I will, of course, admit the sharp tongue. Sadly, I do not always have a filter and more so, if a joke presents itself, I will always go for the humor. I was once in conversation with a priest who was telling me of his upcoming trip to Polynesia and made a jest about becoming a human sacrifice, thrown in a volcano by the natives. Aware of this priest's past and proclivities, I seriously looked at him and said, "Oh no, Father - they use a virgin for that."
Shut up, I went to Confession afterwards . . .
Pictures are very personal. As seen in my story above, they can trigger powerful emotions. I have been going through decades worth of photos to finally place them in envelopes with some approximation of the date and what was going on. It is not an easy process, as certain pictures of the past evoke feelings of loss, sadness, and regret. But they are also reminders of good times. And the perspective is in the eye of the beholder. I have written here before about Martin Seligman's book, Authentic Happiness, and the point it makes that the past only has an effect on us today according to how we choose to see it. If we make the conscious effort to highlight the good and minimize the bad - we will be happier. And this is important to keep in mind when viewing photographs. Photographs belong to the past. You can look at a picture and think, "God, I look fat," or you can laugh and say, "Look who I'm with, I remember that day and the fun we had!"
One of my greatest regrets is not going through my old photos sooner while certain family members were alive, so I could ask about people and places. But that cannot be undone and for a future descendant (hopefully), I want that there will be more than a collection of megapixels on a DVR. As Rod Stewart sang, "Every picture tells a story, don't it?" Don't let the story get lost.

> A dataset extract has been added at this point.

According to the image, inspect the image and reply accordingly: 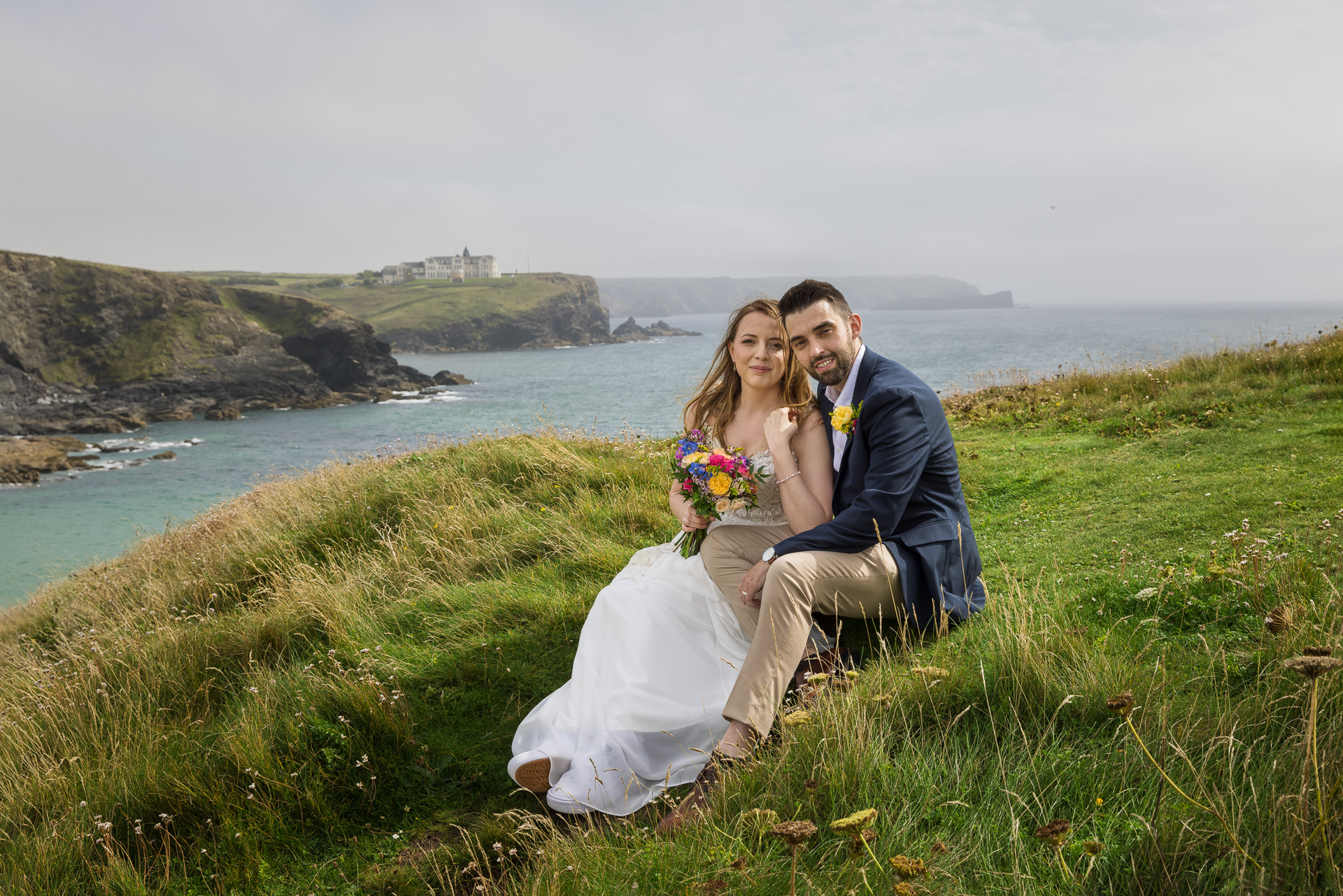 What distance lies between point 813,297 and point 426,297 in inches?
6348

Look at this picture below. A guy with a cup of coffee, right?
Let's try this:
His name is Hasan. The picture was taken in 1978 and he was an Algerian who was a student with me at New York University then. We had Russian class together - that's where this picture was taken. He is drinking coffee from Chock Full o' Nuts and I remember it was just down the block and I bought my coffee there, too. Hasan spoke excellent English and I told me how he learned it just about a year before this picture was taken by buying newspapers and watching the news, knowing the broadcasters would be talking about the stories in the paper and he could make a connection on key words, and see how it was written and how it was spoken. A fellow from my high school, Frank Forlini, was also in our class and he, Hasan, and I had a joke about making a short film - "The Running of Greene Street" - that would feature cliched and silent characters with some pretentious score playing in the background, just because we were hip and snarky and hanging around Greenwich Village.

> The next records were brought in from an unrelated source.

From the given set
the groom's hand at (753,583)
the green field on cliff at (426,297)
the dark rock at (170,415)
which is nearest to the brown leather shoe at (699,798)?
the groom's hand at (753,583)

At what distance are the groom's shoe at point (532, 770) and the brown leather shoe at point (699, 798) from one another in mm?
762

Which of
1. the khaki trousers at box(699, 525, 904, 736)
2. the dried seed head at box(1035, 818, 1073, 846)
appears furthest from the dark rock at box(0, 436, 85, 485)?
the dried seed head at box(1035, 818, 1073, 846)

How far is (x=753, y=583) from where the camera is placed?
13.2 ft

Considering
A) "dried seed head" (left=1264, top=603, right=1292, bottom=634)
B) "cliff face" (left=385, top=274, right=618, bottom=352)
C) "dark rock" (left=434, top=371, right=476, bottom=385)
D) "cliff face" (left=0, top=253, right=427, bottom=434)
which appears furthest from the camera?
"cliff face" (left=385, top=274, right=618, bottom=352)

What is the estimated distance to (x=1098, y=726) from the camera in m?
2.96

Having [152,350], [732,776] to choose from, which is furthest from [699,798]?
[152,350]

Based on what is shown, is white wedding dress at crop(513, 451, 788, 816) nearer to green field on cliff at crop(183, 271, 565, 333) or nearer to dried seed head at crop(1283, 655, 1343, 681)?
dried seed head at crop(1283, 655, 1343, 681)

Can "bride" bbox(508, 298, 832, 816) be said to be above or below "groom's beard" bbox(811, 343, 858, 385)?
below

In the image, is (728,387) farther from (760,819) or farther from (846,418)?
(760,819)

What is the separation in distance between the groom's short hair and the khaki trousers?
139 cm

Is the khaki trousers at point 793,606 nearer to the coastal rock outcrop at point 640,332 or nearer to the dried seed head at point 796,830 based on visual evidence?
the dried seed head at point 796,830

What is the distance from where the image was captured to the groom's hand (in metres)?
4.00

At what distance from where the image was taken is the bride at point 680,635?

True story. Just typing that makes me feel good about the fun we had in that class. Now, I know that deranged woman who sent me that message on Facebook probably is not capable of looking at her picture and doing the same. Pity. I was sad last night looking at old photos. I am taking a different tack - each one I see, I will take a moment to think about something good regarding it before I look at it and say, "Oh, that dickhead!" or anything else negative. Try it, it works.